Don’t get me wrong – I have no problem praying out loud in front of others. But on one condition: I have the opportunity to rehearse. I have done a few “impromptu” prayers and I get too wrapped up in trying to make them “pretty.” I worry about using the right words and terms, giving it a good flow, and offering the right balance of thanksgiving and request. In essence, I worry about doing the prayer justice. I’m sure the person I prayed with neither noticed, nor cared that the prayer was, in my words, shaky. And I doubt even more that God really cared – it was the act, not the words.
The decision to take on the new practice came after an uncomfortable moment this past Easter. As we sat down at the table, my sister pointed out that I should be leading the dinner prayer since I was the resident seminarian. Panic struck. How did I not see this coming? Why didn’t I prepare something beforehand? I quickly brushed it off with a nervous “isn’t that Dad’s role? I mean, let’s not break tradition here.” My dad, accustomed to praying at family gatherings, brought us into a beautiful prayer and said all the things I jealously wanted to say but did not have the confidence to do.
Confidence. That was exactly what I needed. Oh and practice! Yes, practice. Practice makes perfect, right? So I made the decision that starting in April, I was going to try and pray out loud every day.

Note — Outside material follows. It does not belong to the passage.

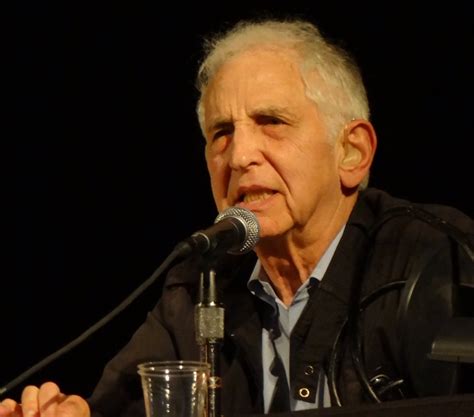 NY Times Calls on U.S. to Drop Assange Case, Kinda-Sorta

Day one can be summed up in one word: struggle. I was not in a good place emotionally after a tough week of balancing school and personal life. Why today? Maybe it would be easier to pray for others instead of myself. So I reluctantly started my prayer, “Good and gracious God…” and began praying for everything else I could think of. But eventually, I realized how much I needed the prayerful help myself. I started putting into words, for myself to hear, the struggles I had been experiencing. I immediately began to cry. My voice shook and I thought “this is the worst prayer ever!” I quickly wrapped it up, wiped off the tears and tried to go about my day.
I have a small handwritten note in the back of my study bible about praying. It actually says: “Feel like you suck at praying? See Romans 8:26-27.” So there I turned for some solace and was reminded of this gem:
“Likewise the Spirit helps us in our weakness; for we do not know how to pray as we ought, but that very Spirit intercedes with sighs too deep for words. And God, who searches the heart, knows what is it the mind of the Spirit, because the Spirit intercedes for the saints according to the will of God.”

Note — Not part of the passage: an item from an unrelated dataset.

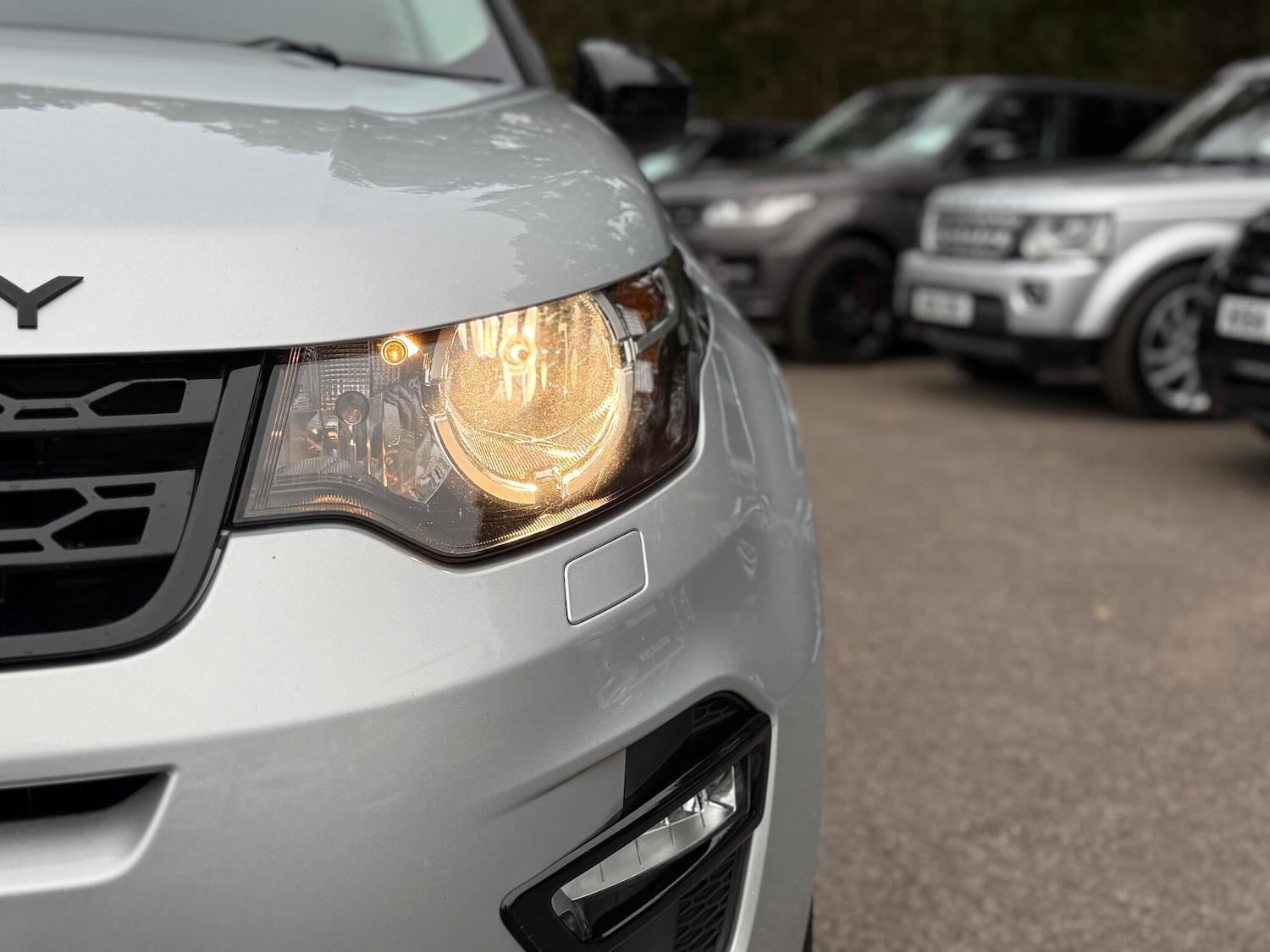 Used Land Rover Discovery Sport 2015 for sale - 76388917: Photo 11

And there it was – my release. I realized God isn’t looking for the perfect prayer. While I reflected on the ugliness of the prayer, I recognized that it had a quality my prayers rarely did: it was raw. It was genuine. It was, well, me. And that in itself is a beautiful thing.
No longer did I have to worry about the ability of my prayers to succinctly say exactly what I needed. God is searching our hearts, with the Spirit that intercedes when we have no words. This was my license to pray as I could. And it was freeing.

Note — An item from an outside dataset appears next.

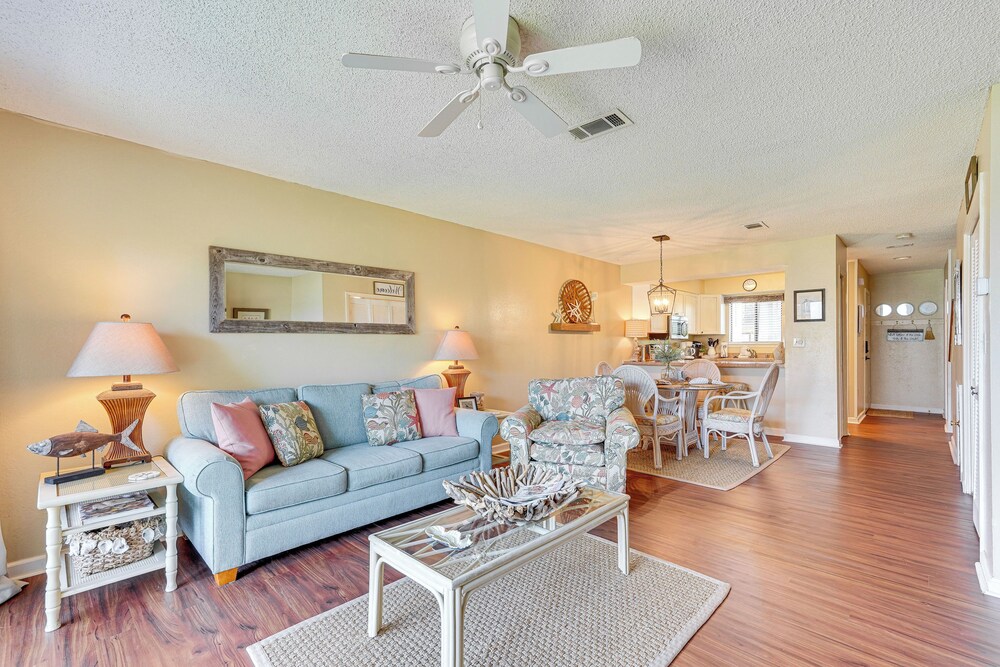Breezy PCB Retreat w/ Balcony - Walk to Beach!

Now that I am three weeks in, it is interesting to see how my prayers have changed. My first prayer not only brought me to tears, but it was also one of the most formal things I had attempted to say out loud. My prayers have now turned a little more casual. “Good Morning, God” is a new opening. It reminds me that God accepts me for who I am and where I am at in life. And if the words don’t come, that’s okay too. Because God knows my heart and that is all that really matters.